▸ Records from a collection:
# # # #

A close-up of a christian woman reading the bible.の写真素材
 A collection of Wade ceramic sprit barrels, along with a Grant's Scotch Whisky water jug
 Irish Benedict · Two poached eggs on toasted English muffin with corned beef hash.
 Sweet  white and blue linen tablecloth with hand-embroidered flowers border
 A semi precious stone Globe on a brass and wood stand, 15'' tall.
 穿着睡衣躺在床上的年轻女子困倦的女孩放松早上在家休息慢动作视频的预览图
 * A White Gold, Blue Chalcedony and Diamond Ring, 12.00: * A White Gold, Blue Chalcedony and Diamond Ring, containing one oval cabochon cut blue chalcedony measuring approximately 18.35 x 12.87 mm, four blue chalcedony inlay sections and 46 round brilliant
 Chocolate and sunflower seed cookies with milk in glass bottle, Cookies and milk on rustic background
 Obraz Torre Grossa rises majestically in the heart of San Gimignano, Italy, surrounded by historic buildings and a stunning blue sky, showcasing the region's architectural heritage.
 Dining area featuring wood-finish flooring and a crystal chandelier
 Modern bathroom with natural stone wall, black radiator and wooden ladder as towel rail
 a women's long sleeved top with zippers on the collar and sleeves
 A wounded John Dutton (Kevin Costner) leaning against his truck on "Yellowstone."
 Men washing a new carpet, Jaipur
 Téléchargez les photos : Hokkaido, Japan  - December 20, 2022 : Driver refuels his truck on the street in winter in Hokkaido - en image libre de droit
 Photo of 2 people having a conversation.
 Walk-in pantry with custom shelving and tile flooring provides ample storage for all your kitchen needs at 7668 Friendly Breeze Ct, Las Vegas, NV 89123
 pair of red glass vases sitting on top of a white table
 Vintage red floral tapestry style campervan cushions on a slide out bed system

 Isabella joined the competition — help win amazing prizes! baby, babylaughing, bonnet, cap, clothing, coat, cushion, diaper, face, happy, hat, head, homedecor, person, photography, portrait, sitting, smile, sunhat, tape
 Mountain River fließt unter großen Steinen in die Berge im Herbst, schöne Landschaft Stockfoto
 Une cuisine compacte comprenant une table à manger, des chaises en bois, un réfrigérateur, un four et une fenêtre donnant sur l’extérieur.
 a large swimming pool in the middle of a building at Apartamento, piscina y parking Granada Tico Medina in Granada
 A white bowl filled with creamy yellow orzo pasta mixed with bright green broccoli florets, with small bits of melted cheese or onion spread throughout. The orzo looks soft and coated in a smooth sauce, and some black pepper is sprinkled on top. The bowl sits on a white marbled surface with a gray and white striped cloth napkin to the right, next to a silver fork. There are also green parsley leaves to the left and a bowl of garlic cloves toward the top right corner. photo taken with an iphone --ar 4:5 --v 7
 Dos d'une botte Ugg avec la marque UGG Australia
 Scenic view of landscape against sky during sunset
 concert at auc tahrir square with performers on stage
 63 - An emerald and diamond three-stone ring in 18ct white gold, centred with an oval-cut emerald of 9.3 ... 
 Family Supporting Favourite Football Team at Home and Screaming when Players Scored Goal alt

# # # #

▸ What you have to do: Transcribe each record above exactly. Skip none.

▸ Exercise solution:
A close-up of a christian woman reading the bible.の写真素材
 A collection of Wade ceramic sprit barrels, along with a Grant's Scotch Whisky water jug
 Irish Benedict · Two poached eggs on toasted English muffin with corned beef hash.
 Sweet  white and blue linen tablecloth with hand-embroidered flowers border
 A semi precious stone Globe on a brass and wood stand, 15'' tall.
 穿着睡衣躺在床上的年轻女子困倦的女孩放松早上在家休息慢动作视频的预览图
 * A White Gold, Blue Chalcedony and Diamond Ring, 12.00: * A White Gold, Blue Chalcedony and Diamond Ring, containing one oval cabochon cut blue chalcedony measuring approximately 18.35 x 12.87 mm, four blue chalcedony inlay sections and 46 round brilliant
 Chocolate and sunflower seed cookies with milk in glass bottle, Cookies and milk on rustic background
 Obraz Torre Grossa rises majestically in the heart of San Gimignano, Italy, surrounded by historic buildings and a stunning blue sky, showcasing the region's architectural heritage.
 Dining area featuring wood-finish flooring and a crystal chandelier
 Modern bathroom with natural stone wall, black radiator and wooden ladder as towel rail
 a women's long sleeved top with zippers on the collar and sleeves
 A wounded John Dutton (Kevin Costner) leaning against his truck on "Yellowstone."
 Men washing a new carpet, Jaipur
 Téléchargez les photos : Hokkaido, Japan  - December 20, 2022 : Driver refuels his truck on the street in winter in Hokkaido - en image libre de droit
 Photo of 2 people having a conversation.
 Walk-in pantry with custom shelving and tile flooring provides ample storage for all your kitchen needs at 7668 Friendly Breeze Ct, Las Vegas, NV 89123
 pair of red glass vases sitting on top of a white table
 Vintage red floral tapestry style campervan cushions on a slide out bed system

 Isabella joined the competition — help win amazing prizes! baby, babylaughing, bonnet, cap, clothing, coat, cushion, diaper, face, happy, hat, head, homedecor, person, photography, portrait, sitting, smile, sunhat, tape
 Mountain River fließt unter großen Steinen in die Berge im Herbst, schöne Landschaft Stockfoto
 Une cuisine compacte comprenant une table à manger, des chaises en bois, un réfrigérateur, un four et une fenêtre donnant sur l’extérieur.
 a large swimming pool in the middle of a building at Apartamento, piscina y parking Granada Tico Medina in Granada
 A white bowl filled with creamy yellow orzo pasta mixed with bright green broccoli florets, with small bits of melted cheese or onion spread throughout. The orzo looks soft and coated in a smooth sauce, and some black pepper is sprinkled on top. The bowl sits on a white marbled surface with a gray and white striped cloth napkin to the right, next to a silver fork. There are also green parsley leaves to the left and a bowl of garlic cloves toward the top right corner. photo taken with an iphone --ar 4:5 --v 7
 Dos d'une botte Ugg avec la marque UGG Australia
 Scenic view of landscape against sky during sunset
 concert at auc tahrir square with performers on stage
 63 - An emerald and diamond three-stone ring in 18ct white gold, centred with an oval-cut emerald of 9.3 ... 
 Family Supporting Favourite Football Team at Home and Screaming when Players Scored Goal alt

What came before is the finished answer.